8) No time to tweet? Get a free account with SocialOomph (formerly TweetLater) which allows you to schedule tweets in advance, so instead of having to find time to tweet something every day you can sit down for 20 minutes on Monday morning and line up a whole week’s worth of tweets, then sit back and get on with your work. You can also save tweets as templates with this system so you can repeat the same tweet or variations on a theme without having to retype them. Try not to tweet exactly the same thing all the time though, as that also turns users off. Remember that you should still tweet anything manually that comes up unexpectedly in real time e.g. venue/speaker/date change.
9) When tweeting, if you can’t contrive an update to contain a keyword you want to get across in order to catch the attention of your audience, add it at the end as a hashtag – these are keywords preceded by # e.g. #sustainability #climate #design – these automatically turn into links that when clicked, become a set of search results matching the hashtag. Hashtags and keywords get picked up by users who are generally interested in these topics and so may take an interest in your event, and not only attend but also re-tweet your tweets, which is a major way of circulating info about your event/brand.

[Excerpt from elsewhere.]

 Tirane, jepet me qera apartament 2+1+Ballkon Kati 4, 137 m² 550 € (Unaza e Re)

10) As much as possible include a link in each tweet to a page on your website that expands on what the tweet says. If you’ve followed my tips in point 6, you will be updating your website with any actual news, so each tweet consists of a summary of that update with a link to the relevant page. Links take up a lot of room in tweets so you’ll need to shorten them; use a client such as Echofon (formerly Twitterfox) to automatically truncate long links, otherwise you’ll find you have to manually paste URLs in to a service such as TinyURL to get the shortened version. Or, if your website puts out an RSS feed, you can save yourself time on both tweeting and linking by signing up with Twitterfeed and having it broadcast each update from the RSS feed as an individual tweet – so that updating your site automatically generates a tweet, which in turn contains a link back to the item you just updated. If your site doesn’t put out an RSS feed, look into developing a blog with something like WordPress or, if you don’t like content management systems, simply email your content to Posterous which you can easily configure to “autopost” to Twitter, Facebook and your regular blog.

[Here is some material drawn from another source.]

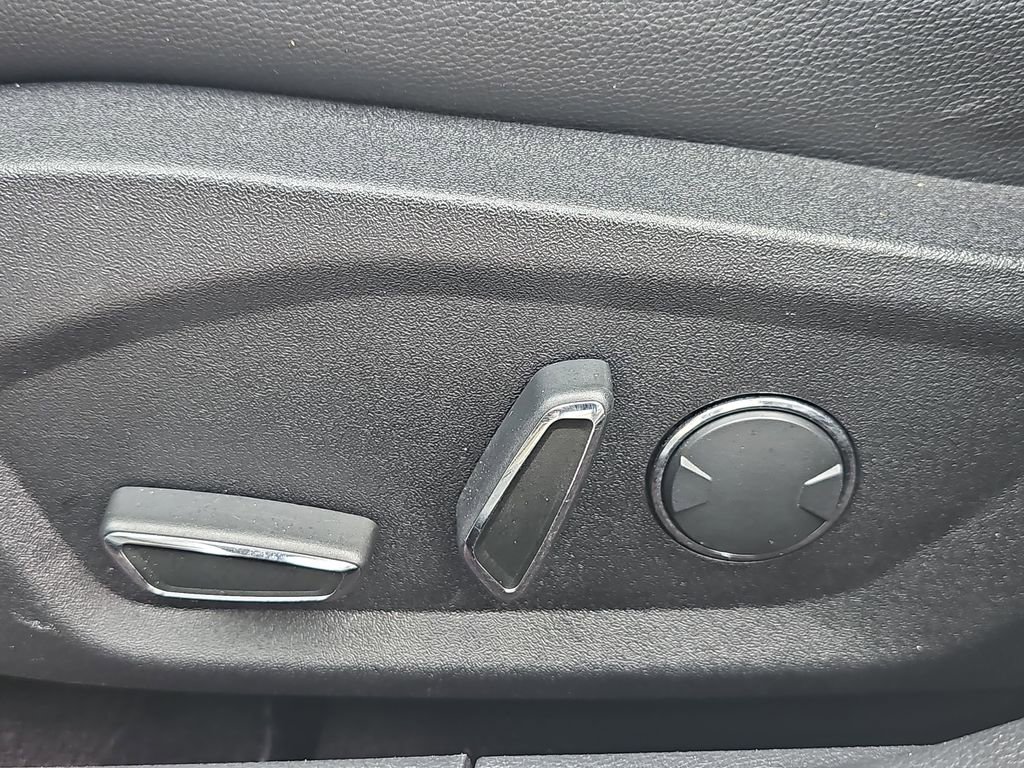 Used 2017 Ford Fusion Energi SE image 29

11) And finally, having said all of that, don’t even think of setting up a Twitter account for your event (or your company, come to that) if you can’t (a) get your head around at least some of the above or (b) devote the time to tweeting (or setting up an automatic feed as in points 8 and 10). Many Twitter accounts start off with great intentions only to fizzle out when the user finds he or she hasn’t got the time to maintain it. Having a Twitter account with hardly any followers or tweets can weaken your brand; worst of all, if you haven’t got time to listen to what your followers (and even people who are not followers) are saying about you, you won’t know if they are criticising it – in which case you should be replying publicly to address their concerns – or praising it, in which case you should be replying publicly to thank them!